Saturday 28 December 2013

Household loan demand to moderate amid rising inflatin

Focus MALAYSIA WEEKLY ISSUE 055
THE WEEK OF DECEMBER 21 – DECEMBER 27, 2013
Review 2013 / Outlook 2014 -- BANKING
By: FocusM

Ashok Ramamurthy
Group Managing Director,
AmBank Group
How did 2013 pan out for Ambank Group?

It was another year filled with excitement and some challenges.  Despite slower economic growth and intense competition, we made good progress in our FY2014-2016 Strategic Agenda, delivered stronger earnings – with our first half FY2014 profits up 10.1% from a year ago – and achieved most of our FY2014 guided key performance indicators.

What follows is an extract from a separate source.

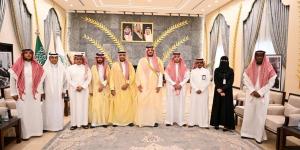 الأمير فواز بن سلطان يسلم 
شهادة الامتثال لمنشآت التدريب التقني والمهني بالطائف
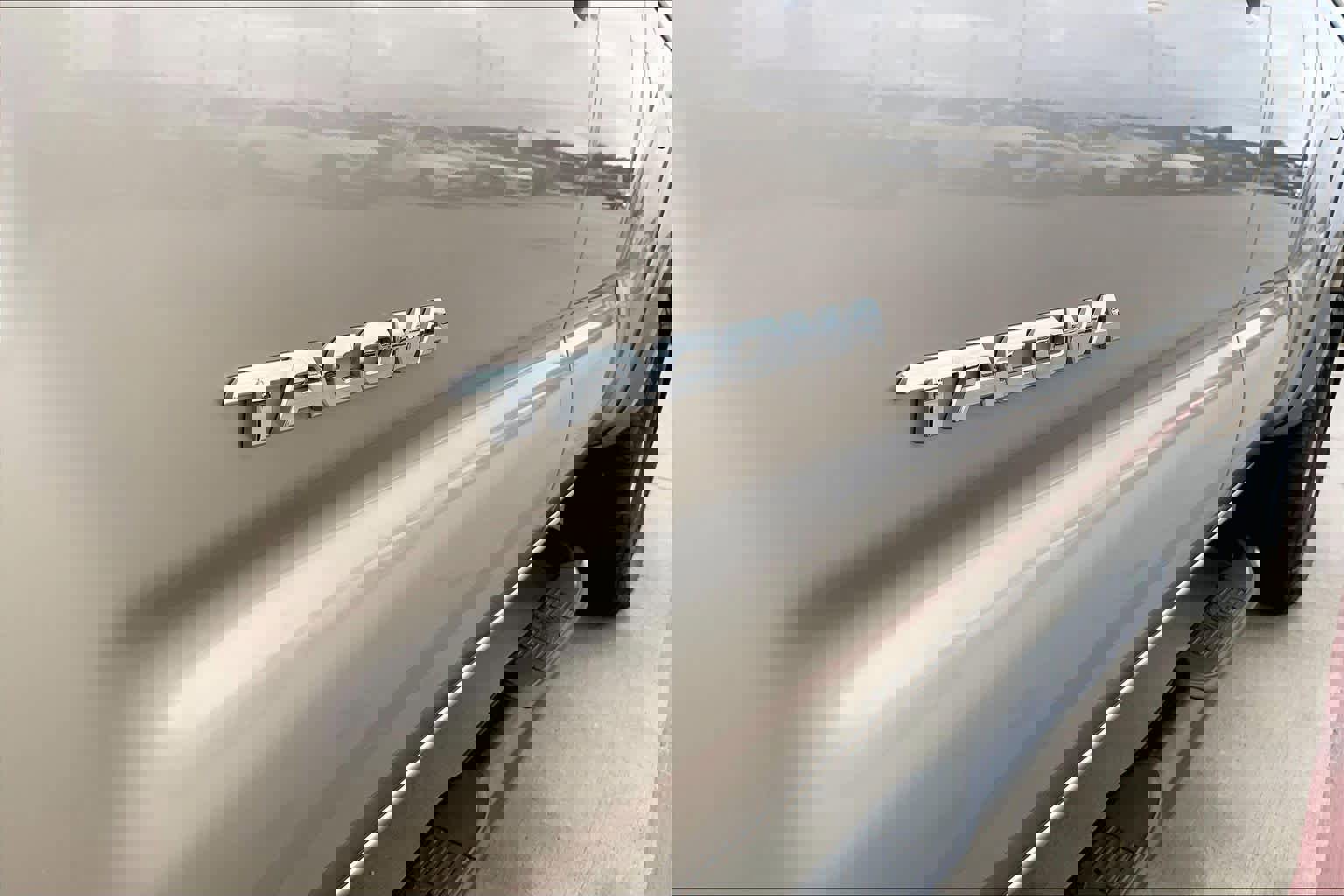 Used 2005 Toyota Tacoma PreRunner image 27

Our integration with our two new businesses acquired, Kurnia Insurans and MBF Cards, is on track and they have contributed to the performance of the Group.

We are seeking a new strategic partner to build scale in life assurance and the family takaful business in progress.  We have completed Phase Two of the bidding process in our search for a new strategic partner for the life and family takaful businesses, and aim to finalise a buyer by the end of the year.

Most recently, Phase One of our new core banking platform went live.  This investment will create a scaleable and robust platform for growth.  Its functionalities are expected to pave the way for delivering operational improvements, an enhanced customer experience and revenue growth.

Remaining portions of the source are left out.